Il marchigiano e le sue scarpe fatte a mano, il ligure e le stufe: «È finita»

Serenella Bettin

Com'era bello quando le scarpe le potevi comprare e potevi pure guardarle fare. Era bello. Bellissimo. Guardavi le mani di questi artigiani, consumate dal cuoio e dal tempo, che battevano e scalpellavano su quella scarpa che lentamente prendeva forma. E più le guardavi, più vedevi quella scarpa crescere, formarsi, fabbricarsi. Guardavi quell'artigiano che addentava le punte dei chiodi, martello e scalpello in mano e energicamente li piantava sul cuoio.

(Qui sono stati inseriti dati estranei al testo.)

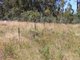 Photo - Lot 6 Bradley'S Drive, Tumbarumba NSW 2653 - Image 8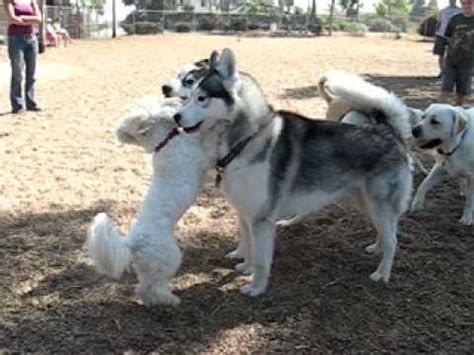 Huskies are beautiful and majestic dogs, and everything about them screams wolf, from their shape to their muscular build, to their strong backs and incredibly. Little Dog Challenges Big Siberian Husky - YouTube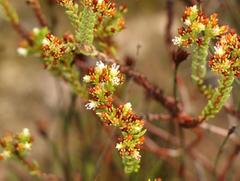 Crassula ericoides ericoides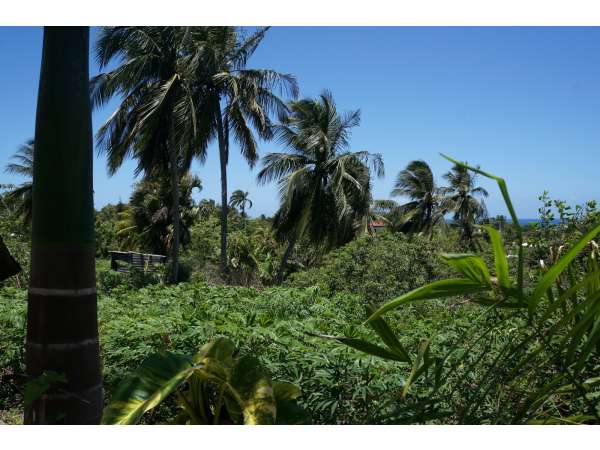 World Famous Encuentro Beach 2200 Meters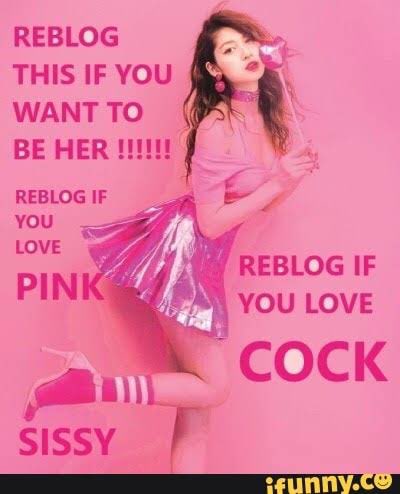 Reblog sissy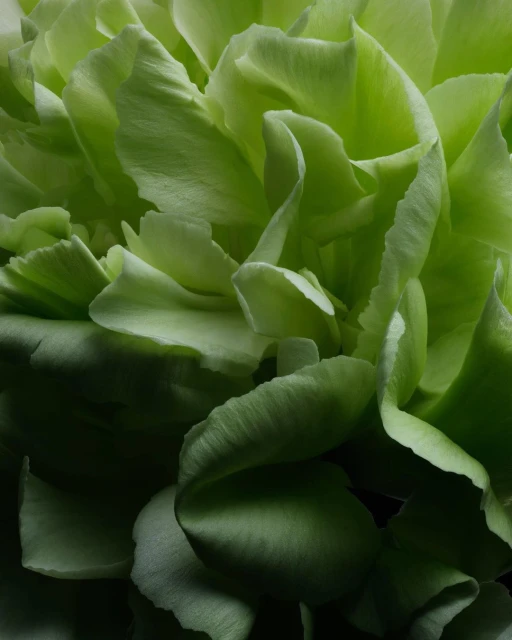 Close-up of a vibrant green carnation flower, showcasing its ruffled petals and intricate texture in a studio-lit, botanical composition.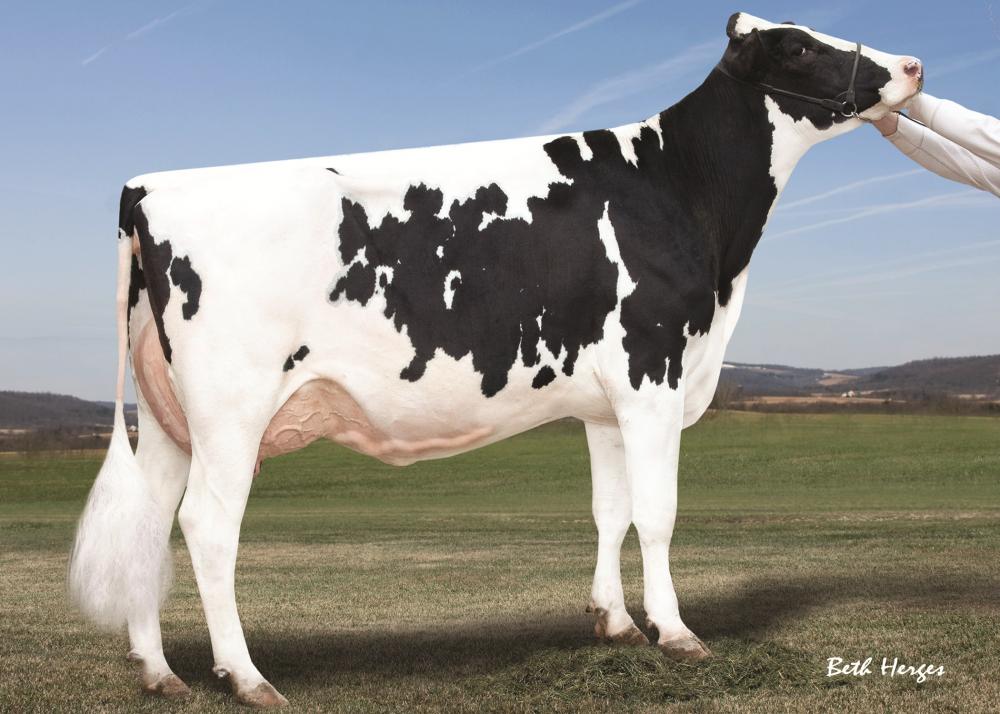 Gold N-Oaks Ramos Arabella VG-88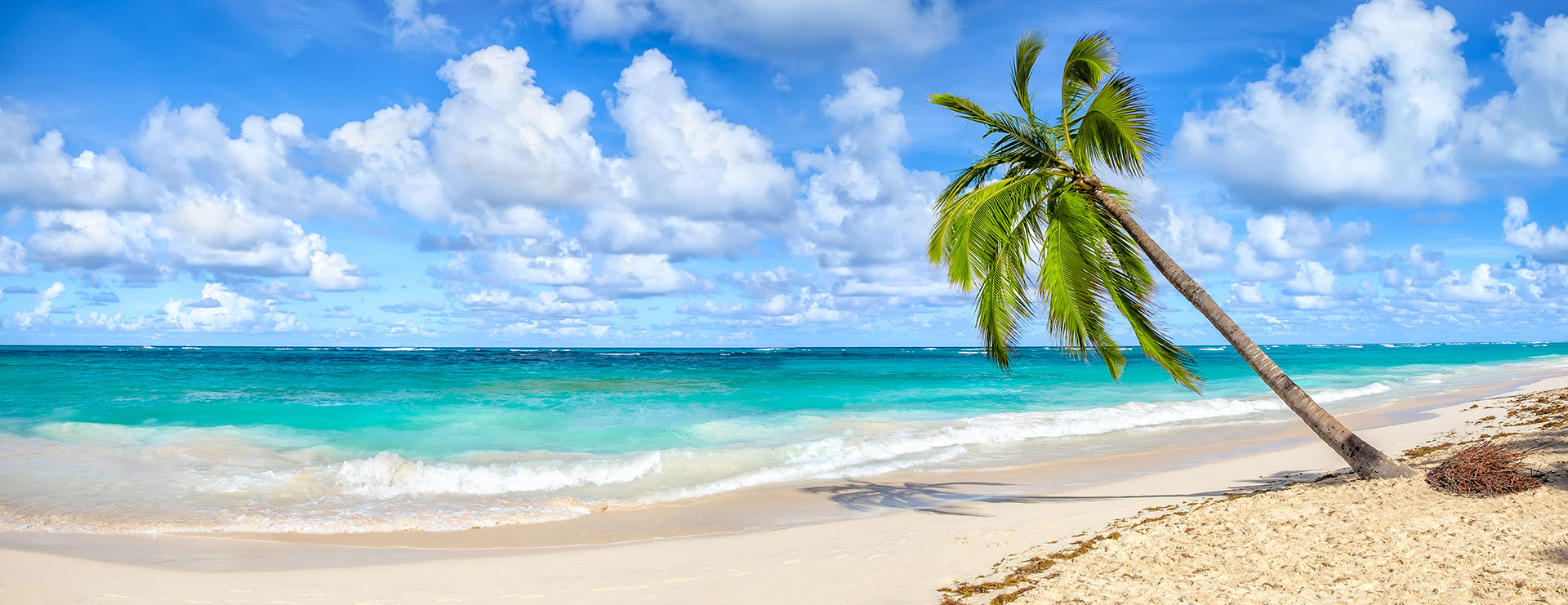 The image shows a tropical beach scene with clear blue skies, palm trees, and a sandy shoreline.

Come Renzo Alessandrini, che ieri ha compiuto 71 anni e che fa scarpe da quando di anni ne aveva 11. Lui, marchigiano, di Montegranaro in provincia di Fermo, classe 1947, ha iniziato a fare scarpe nel 1958 in una piccola bottega di artigiani del suo paese. Una delle oltre 200 che popolavano la zona. Adesso sono una quindicina. E i problemi sono la fatica a trovare eredi e la assenza di competitività. E se lo sa Renzo, che di figli ne ha quattro, dai 46 ai 17 anni e che soltanto il terzo che di anni ne ha 26 ha deciso di prendere in mano l'azienda del padre e di creare la Calzoleria De Fumo, una piccola bottega artigiana che fa calzature da uomo su misura. Come ha sempre fatto il padre, che poi ingigantitosi ha esportato ovunque nel mondo: Libia, Romania, Giappone, Russia. Perché una volta anche gli artigiani esportavano. Una volta gli artigiani lavoravano. Adesso fanno la fame. Il figlio non ha deciso di fare come quei 28 mila laureati che ogni anno se ne vanno dall'Italia. No, il figlio è rimasto qui nel deserto dei sopravvissuti. «I figli non prendono le botteghe dei padri racconta Renzo al Giornale perché gli artigiani vengono tartassati su tutto, ci sono troppe spese, per una piccola azienda è una spesa enorme. E poi c'è crisi totale. Una volta c'era tanto lavoro, anche troppo, adesso no. Adesso qui di artigiani siamo rimasti in quindici». Qui nella culla delle scarpe fatte a mano. «C'è crisi spiega perché chi se le compra delle scarpe fatte a mano a 200, 300 euro? La gente per quei soldi vuole le firme e anche se sei competitivo come articolo, ma non è firmato non vale niente». Non capendo che a volte certe grandi firme sono fatte in serie battuta. «Negli anni Ottanta continua in ogni casa qui c'era una bottega o una fabbrica, adesso sono finiti quei tempi. Alcuni giovani non hanno nemmeno voglia di imparare. Io pretendo tanto sul lavoro, ma se arriva uno che pianta i chiodi al contrario».

Idem per Carlo Vitaloni, uno degli ultimi artigiani di Ancona che ha imparato il mestiere grazie al padre, classe 1925 e che ricorda ancora i suoi primi giorni di apprendistato. Ricordi ormai lontani, il comune di Montalto in questi giorni sta provando a rilanciare il centro storico con un bando per l'affidamento di cinque botteghe comunali. Ma la difficoltà è tramandare il mestiere alle nuove generazioni, perché i figli scappano e perché un artigiano, con spese del 70% dell'incasso, non può permettersi di prendere un giovane. Troppe spese. E ditte individuali, i cui macchinari non possono essere usati dai dipendenti.

O come quella coppia ligure che dal 2013 non sforna più stufe a legna, quelle belle, quelle ricamate su ceramica, ma sforna dolci tramite passaparola. Anche la loro è la storia di una bottega ammazzata dal Dio Denaro e dagli automi.